I read somewhere that it takes 66 days to form a new habit. In the interest of getting into the habit of blogging regularly, I plan to publish one post a day for the next 66 days, finishing up on October 13, 2020. Content-wise, each day's post can include anything that crosses my mind and that I hope will spark something in yours, whether poetry, prose, art, or the occasional rant. Here's to 66 days of finding something to say :)
For Day 10, a post about....well, me.
Today, I'm fulfilling one of my biggest small dreams: blogging in a coffee shop. If you've read enough trashy fanfiction and/or coffee shop AUs, you'll understand why I'm *slightly* thrilled at this prospect. Just...the vibes, dude. The uniquely coffee-shop vibes. Essence of Chill Productivity. Eau de Work. A focused attitude that could not be more unlike the "hustle" culture of relentless millennial productivity that is never more than a couple steps from burnout. A hum of quiet conversation and the smell of coffee beans in the background. Chill music (which I'm blocking out with headphones and my indie folk playlist, but, like, it's the thought that counts.)There's a mom playing board games and eating muffins with her two kids at a table just opposite me and I'm falling in love with all of them just a little more every time I covertly glance over.
Of course, now that I'm in the perfect setting, I have nothing substantial to actually say. Life.
Fortunately, there is subject matter that I always carry with me (because I have no choice): Me.

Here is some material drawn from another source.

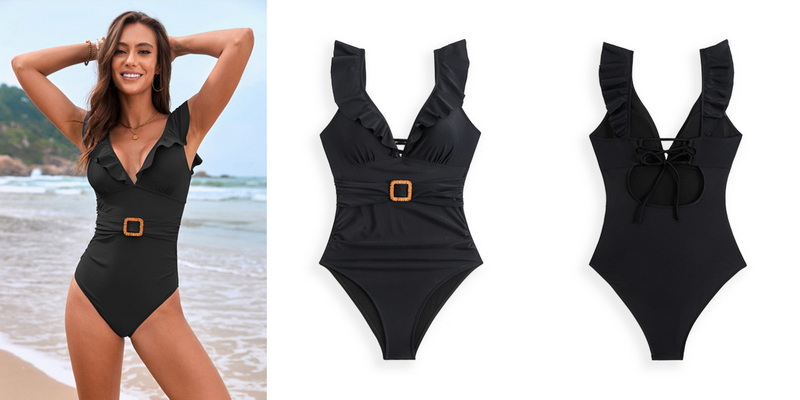2025 New Back-Tie Ruffle Waist One-Piece Swimsuit Women's Swimsuit_25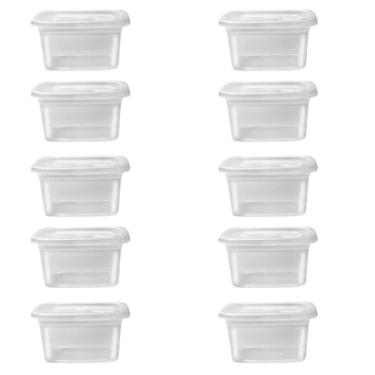 Imagem de Kit 10 Potes Marmita Quadrado 900 ml Para Freezer e Microondas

I've said comparatively little about myself the entire time I've had this blog. Part of that is because this blog isn't really about me: it's about the writing process, mostly, with a few other things thrown in. And a large part is because I don't want to give any creeps lurking on the internet the chance to track me down and kill me. Given that my readership consists of like two of you on a good day, I realize that this is somewhat presumptuous. Indulge me.
But the most important reason for my lack of self-revelation (yes, even more so than watching out for hypothetical creeps) is, quite simply, that I hate self-revelation.
I've perfected the art of answering "How are you?" with "Better now!" *looks significantly at the other person* or some other variation of an answer that deflects the focus back to the other person, especially when I'm clearly not okay but don't want to talk to them about it. Ironically, those situations would probably be the times I most need to reach out to someone. But why would I ever do that when pushing them away is so much easier?
This, ladies and gents, is only the first stop in our exclusive tour of Clara's Vast and Terrible Museum of Unhealthy Coping Mechanisms! Now just this way, folks, where next we'll view Clara's habit of reaching out to others to avoid thinking about her own issues...
Whew. Too much? Well, so am I. Heh.
I've always been more comfortable talking about what I've created or achieved, or what I'm thinking about or researching at any particular time, than what I'm feeling or how a situation is affecting me. That in large part stems from being uncomfortable with feeling any emotion too strongly. That in turn comes from feeling every emotion too strongly whenever I let myself feel them. I'm an empath (according to the uncontested wisdom of a myriad of internet quizzes and conversations with friends): I don't sympathize with people as much as I feel their pain like a physical ache in my chest. Which, frankly, is exhausting. So I limit my circle to as many people as I can handle interacting with on any given day in terms of residual emotions I will pick up without being able to help it, ideally with time to de-escalate and process after each interaction. And it ends up being a pretty small circle. Which can be lonely and frustrating and isolating. Aarrrghh...
I wouldn't have it any other way, though. The same hypersensitivity that can leave me completely drained after prolonged conversation with a particularly animated person allows me to write believable characters and situations by tapping into how the person made me feel and writing out of that discomfort. Knowing that emotional overload looms on the horizon has made me more intentional, choosing to spend time with people who enrich my life instead of those who "use up the air in the room", figuratively speaking. I'd like to think it's made me more perceptive, considerate, and an overall nicer person to be around. At least I hope so. Honestly, Covid-19 has been quite the godsend when it comes to socializing, at least for me. You mean I can have a constantly valid excuse not to see people? Hallelujah.
So there it is, the constant push-and-pull between needing people and not being able to stand them in large doses. Life is full of juxtapositions, and when we see someone who's mastered the art of tiptoeing the ragged edge of disaster between two extremes, we call them a well-adjusted human being.
This didn't end up being the light-hearted "all about me" post that I intended when I started writing, but I hope it's given you a glimpse (however brief and muddled)of the girl behind the keyboard. It's been a wild ride so far--thanks for sticking around this long.